→ WHAT THE TASK ASKS
Using the data below, print exactly the line with "SENGLEA, MALTA - 4", the line with "6204 FISH EAGLE COURT", and every line between them, but none of the pictures.

SOURCE MATERIAL Block Start

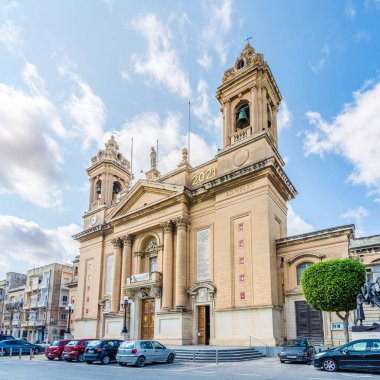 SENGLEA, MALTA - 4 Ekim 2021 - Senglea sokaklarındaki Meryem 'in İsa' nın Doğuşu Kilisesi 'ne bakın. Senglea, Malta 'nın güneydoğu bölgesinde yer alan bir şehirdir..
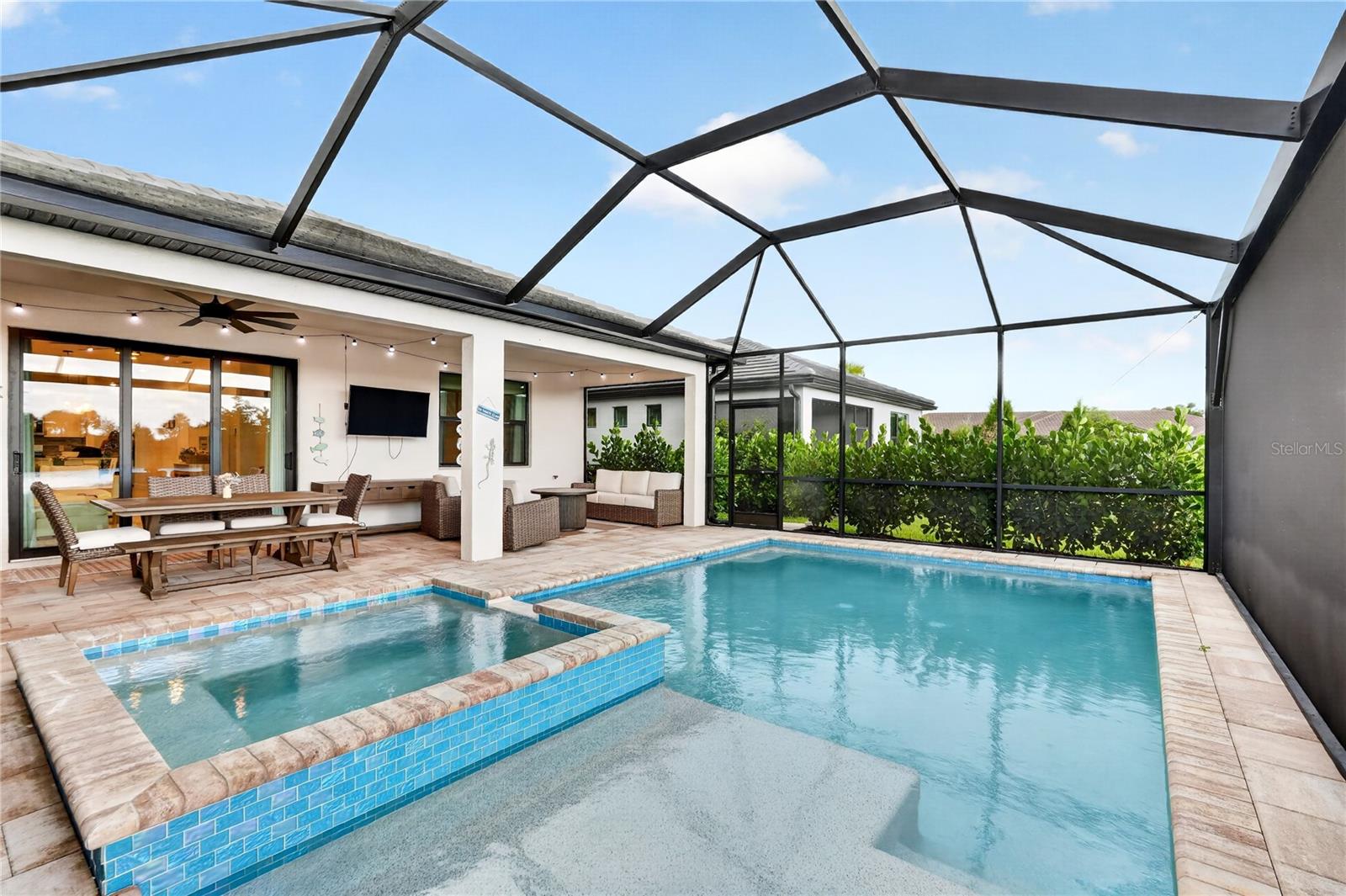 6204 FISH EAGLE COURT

SOURCE MATERIAL Block End
SOURCE MATERIAL Block Start

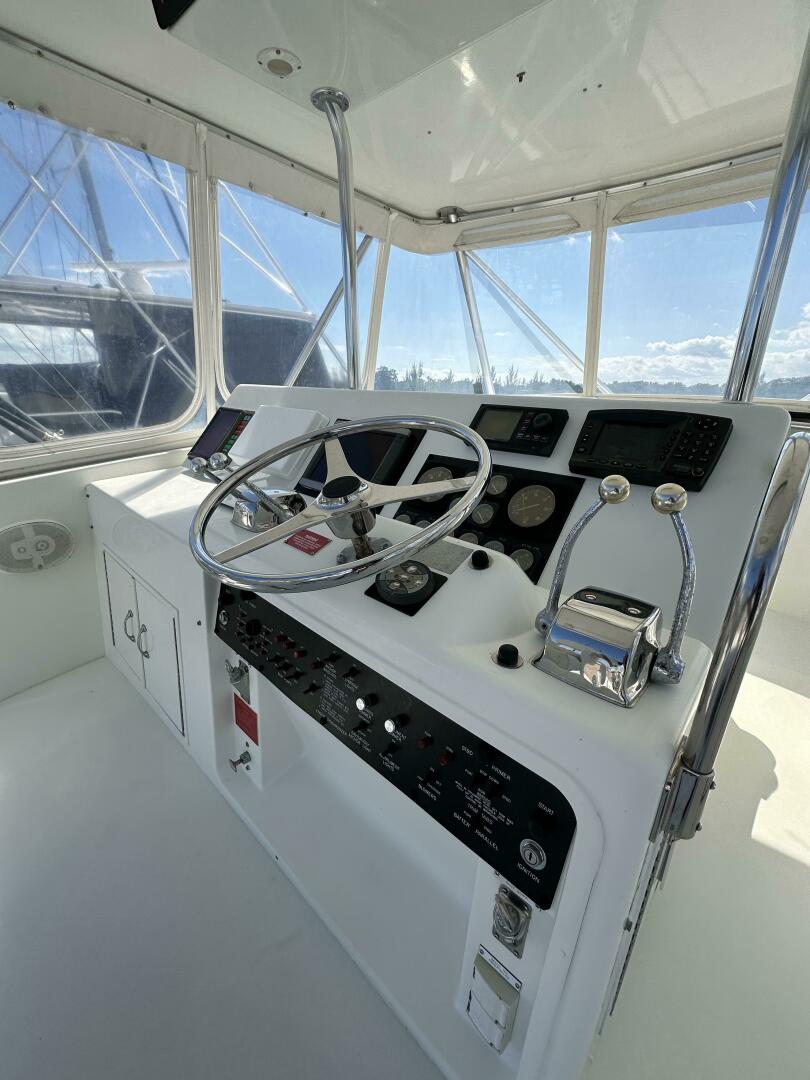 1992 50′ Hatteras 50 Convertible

SOURCE MATERIAL Block End
SOURCE MATERIAL Block Start

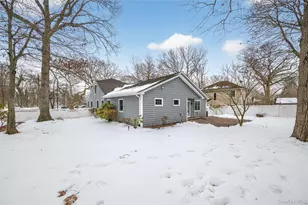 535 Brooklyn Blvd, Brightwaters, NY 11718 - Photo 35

SOURCE MATERIAL Block End

→ ANSWER FOR THIS EXERCISE
 SENGLEA, MALTA - 4 Ekim 2021 - Senglea sokaklarındaki Meryem 'in İsa' nın Doğuşu Kilisesi 'ne bakın. Senglea, Malta 'nın güneydoğu bölgesinde yer alan bir şehirdir..
 6204 FISH EAGLE COURT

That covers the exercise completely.